Le précédent de l’armée allemande

À ma grande surprise, quelques jours après avoir envoyé ma lettre, j’ai reçu de Rabin une réponse d’une ligne me reprochant d’avoir osé comparer l’armée israélienne à l’armée allemande. Je lui répondis dans une lettre encore plus détaillée en expliquant le thème de mes recherches et en exprimant mon inquiétude de voir l’armée israélienne transformée en instrument d’oppression contre une population civile désarmée et sous occupation militaire. Rabin me répondit une nouvelle fois en réitérant ses propos : « Comment osez-vous comparer Tsahal à la Wehrmacht ? » Rétrospectivement, je pense toutefois que cet échange éclaire quelque chose de son parcours intellectuel ultérieur. En effet, comme nous le savons du fait de son engagement en faveur du processus de paix d’Oslo, aussi imparfait soit-il, Rabin avait fini par reconnaître qu’à long terme, Israël ne pouvait pas supporter le coût militaire, politique et moral de l’occupation.

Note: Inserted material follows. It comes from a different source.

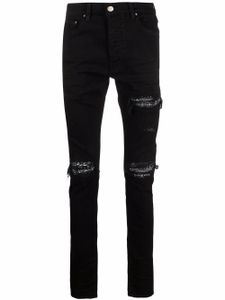 AMIRI jean skinny à finitions effilochées - Noir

J’enseigne aux États-Unis depuis 1989. J’ai beaucoup écrit sur la guerre, le génocide, le nazisme, l’antisémitisme et la Shoah, cherchant à comprendre les liens entre le carnage industriel des soldats pendant la Première guerre mondiale et l’extermination des populations civiles par le régime hitlérien. Entre autres projets, j’ai passé de nombreuses années à étudier la transformation de la ville natale de ma mère, Boutchatch — jadis Buczcacz en Pologne, aujourd’hui en territoire ukrainien. Cette petite agglomération était passée d’un état de coexistence interethnique à une situation où, sous l’occupation nazie, la population chrétienne s’était retournée contre ses voisins juifs. Lorsque les Allemands ont pénétré à Boutchatch, c’était avec l’intention expresse d’assassiner ses habitants juifs, mais la rapidité et l’efficacité du massacre ont été grandement facilitées par la collaboration de la population locale, motivée par des ressentiments et des haines préexistants qu’on peut sans doute attribuer à l’essor des idéologies ethno-nationalistes au cours des décennies précédentes et à l’idée courante selon laquelle les juifs étaient incapables de s’intégrer aux nouveaux États-nations créés au lendemain de la Première guerre mondiale.

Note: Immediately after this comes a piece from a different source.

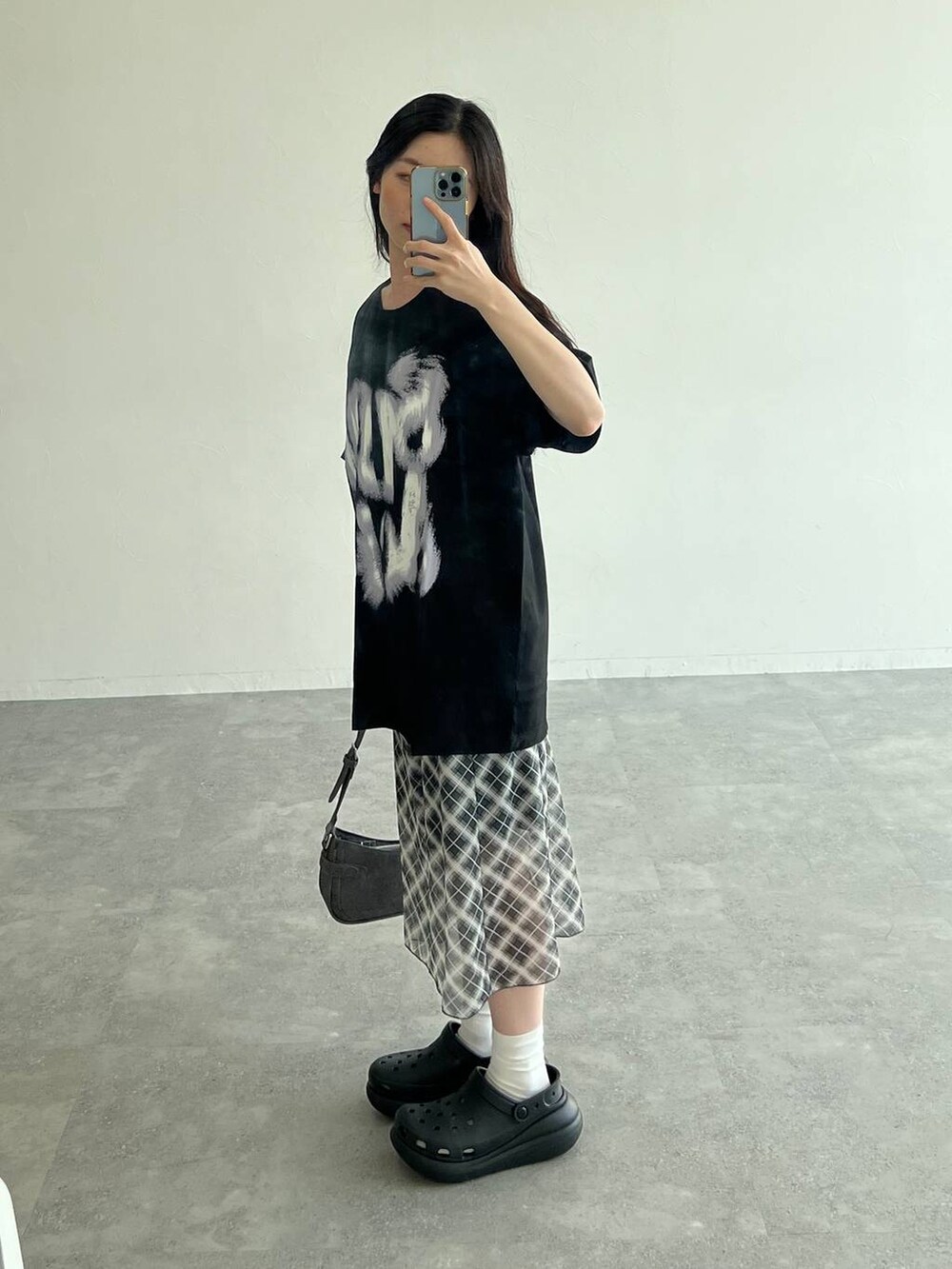 グレー系のスカート、ブラック系のトートバッグ、ブラック系のTシャツ/カットソーを着用したレディースの夏コーディネートの3枚目の写真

Dans les mois qui ont suivi le 7 octobre, j’ai constaté avec douleur à quel point tout ce que j’avais appris au cours de ma vie et de ma carrière était plus pertinent que jamais. Comme pour beaucoup de gens, ce qui s’est passé au cours de ces derniers mois a constitué pour moi une pénible épreuve émotionnelle et intellectuelle. Et comme beaucoup d’autres, j’ai vu des membres de ma propre famille et de celle de mes amis directement affectés par la violence. Où que l’on porte le regard, ce ne sont pas les larmes qui manquent.

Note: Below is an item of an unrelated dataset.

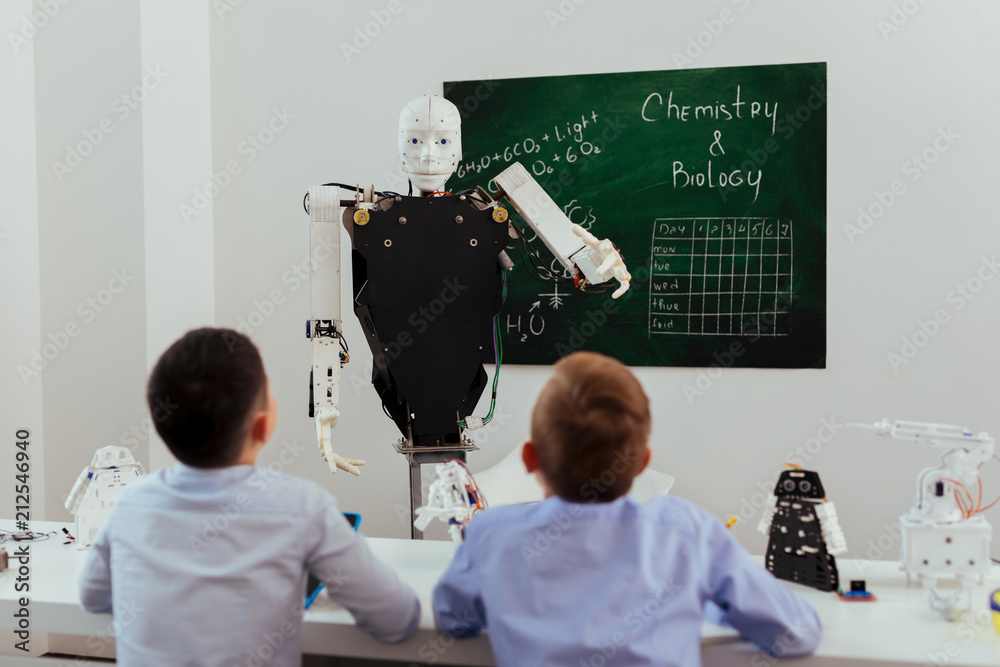 Wall mural schools of future. smart self automated robot looking at the pupils while giving them a lesson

L’attaque perpétrée par le Hamas le 7 octobre 2023 a été un choc terrible pour la société israélienne, qui n’a pas encore commencé à s’en remettre. C’était la première fois qu’Israël perdait le contrôle d’une partie de son territoire pendant une période prolongée, et l’armée n’a pu empêcher ni le massacre de plus de 1 200 personnes — dont beaucoup exterminées de la manière la plus cruelle qu’on puisse imaginer — ni la prise de plus de 200 otages, dont de nombreux enfants. Aujourd’hui, des dizaines de milliers de citoyens israéliens sont déplacés de leur foyer tout au long de la bande de Gaza et de la frontière libanaise ; l’impression d’être abandonné par l’État et le sentiment d’insécurité permanente sont intenses.